Turns out, Indianapolis (No. 25 in the AP Pro32) may not have to wait as long as some thought.
Those inside the team complex have witnessed a steady progression from mini-camp to training camp through the preseason and now into the regular season thanks to Luck's propensity to rebound from bad plays or poor games.
In his NFL debut at Chicago, Luck was under heavy pressure from the Bears' vaunted defense. He wound going 23 of 45 for 309 yards with one TD, three interceptions and lost a fumble in a 41-21 defeat.
On Sunday, Luck turned everything around.
Playing behind an offensive line missing two starters when the game began and three when the second half started, Luck managed to routinely escape one of the league's most creative sacks artists, Jared Allen, and bought enough time to make plays down field.
This time, Luck went 20 of 31 for 224 yards with two touchdowns and no turnovers, and when the defense blew a 20-6 lead in the final five minutes, Luck drove the Colts 45 yards in 23 seconds to set up Adam Vinatieri's 53-yard field goal for a 23-20 win.
Luck's next test comes this weekend against Jacksonville (0-2).
"It's a confidence-booster," cornerback Jerraud Powers said when asked about the final drive. "To go out with 30 seconds left and give us a chance to win with a field goal shows you that no matter what happens, we've got a chance to win.

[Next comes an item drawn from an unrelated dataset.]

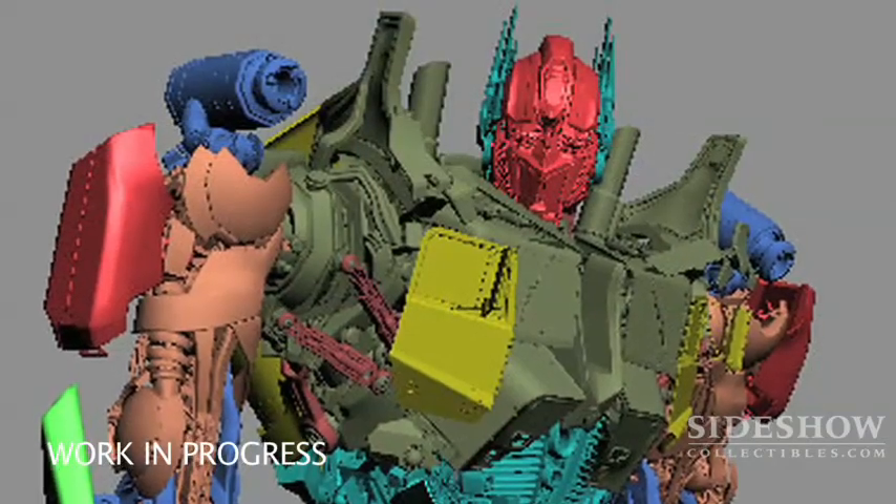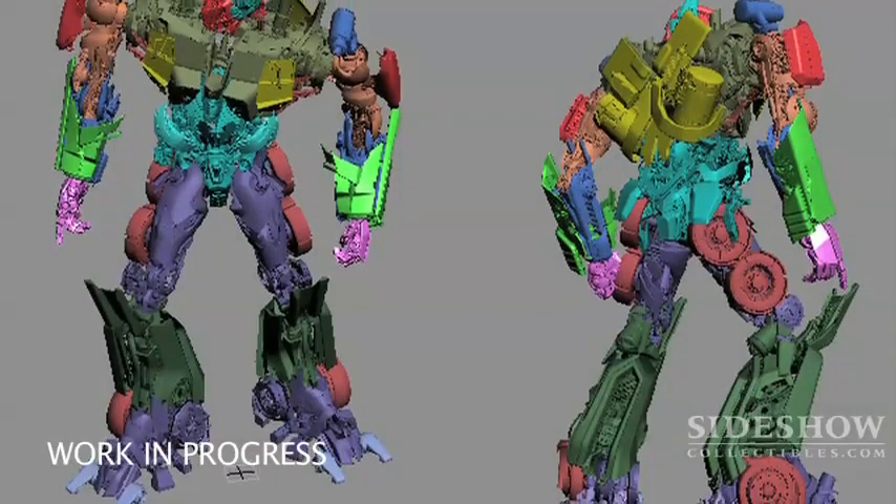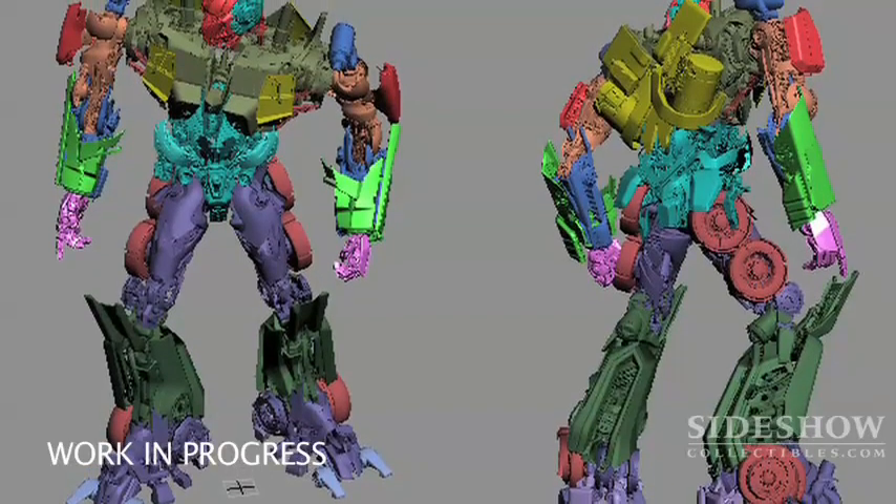Transformers 2 was huge at the box office this year and is going to be a huge maquette very soon. We're working on Optimus Prime as a 20-inch-plus maquette. The great thing about this piece is that we're taking the CG files using the actual film and outputting that into something that customers can actually hold in their hand and display in their house.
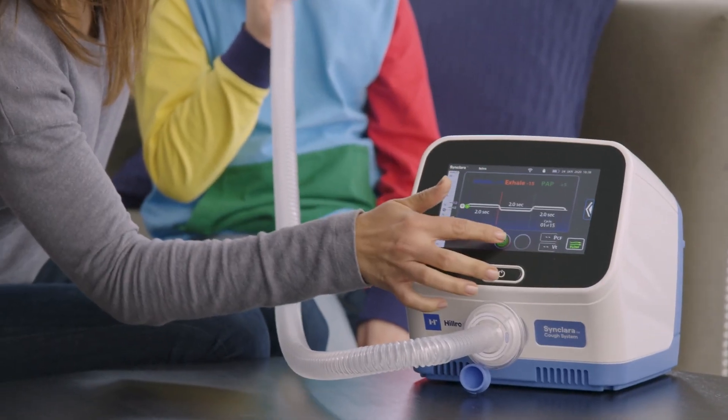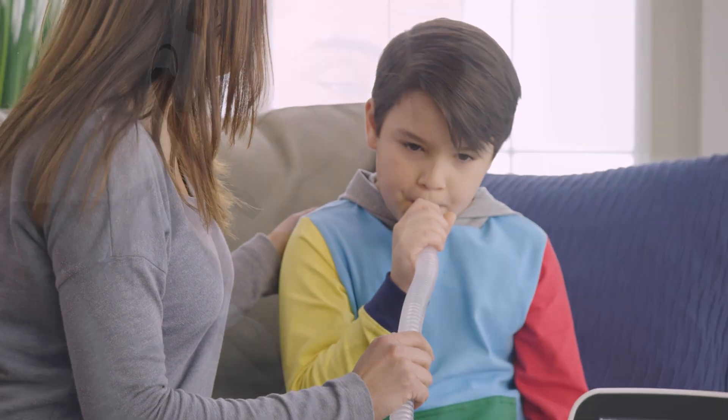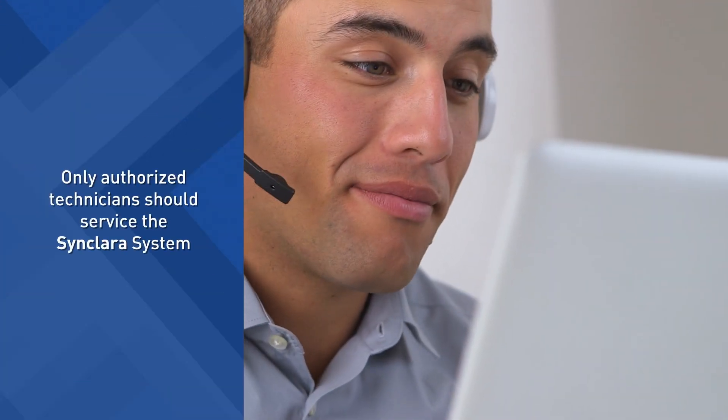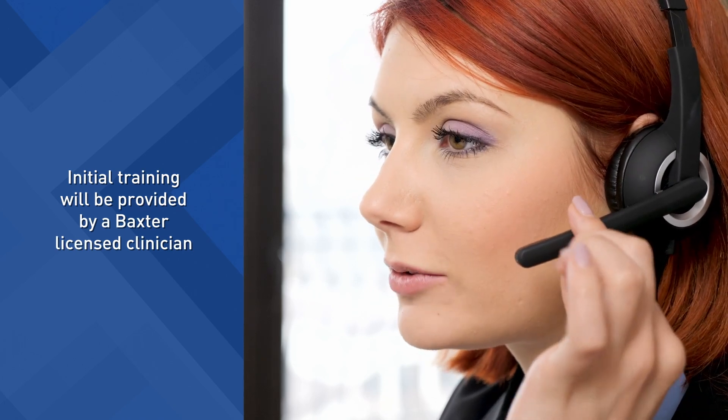For complete instructions on the Sinclair Cough System, please refer to the user manual. Only authorized technicians should service the Sinclair Cough System. Initial training on safe and effective use will be provided by a qualified trainer.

It's definitely a confidence-booster, not just for Andrew, but for this team."
Luck has never been one to get caught up in hoopla.
Despite being one of the nation's top high school recruits, he managed to stay grounded long enough to be Stratford High School's valedictorian in 2008.
At Stanford, where Luck was continually compared with Super Bowl-winning alums Jim Plunkett and John Elway, Luck played well enough to finish as the Heisman Trophy runner-up twice and still become an academic All-American.
Now that he's in Indy and doesn't have to worry about any more classwork, the No. 1 draft pick is putting those study skills to use in another way.
"There were no revelations, moments of stuff like 'I figured it out.' I don't think I have by any means," Luck said when asked about Sunday's win. "I think it's a work in progress. Hopefully, one day I'll get there. Until then, I'll keep working."
Coaches and teammates like the attitude, even as they acknowledge Luck is well ahead of the traditional rookie learning curve. Many, in fact, can't recall being around another rookie quite this polished.
"Nope," said Redding, who played nine seasons in Detroit, Seattle and Baltimore before coming to Indy. "A lot of people have speed or have the arm, but all the intangibles this kid possesses, the way he leads is nothing short of what you'd expect from a veteran."
Inside the locker room, Luck is humble and down-to-earth. He cracks jokes and laughs at himself.
On the field, teammates say he's focused and in total command of the offense and huddle even as he continues to learn about life in the NFL — reading defenses, calling the right protections or getting a better feel for the speed of the game.
First-year coach Chuck Pagano wouldn't dare quibble with Luck's own self-assessments, though there is one area he thinks Luck needs to improve.
"Get out of bounds, slide, throw it away. All those things are being taught on a daily basis," Pagano said. "You love a guy that can extend plays, but much like Ben (Roethlisberger) in Pittsburgh you see when you do it too much and you try to extend too long, those hits add up."
Otherwise, Luck seems to be getting straight A's from those who know him best.
"Andrew is his own man," Powers said. "Those two (Luck and Manning) are so similar in so many ways, the comparisons are going to be made. But Andrew is his own guy. He's starting his own legacy, his own era."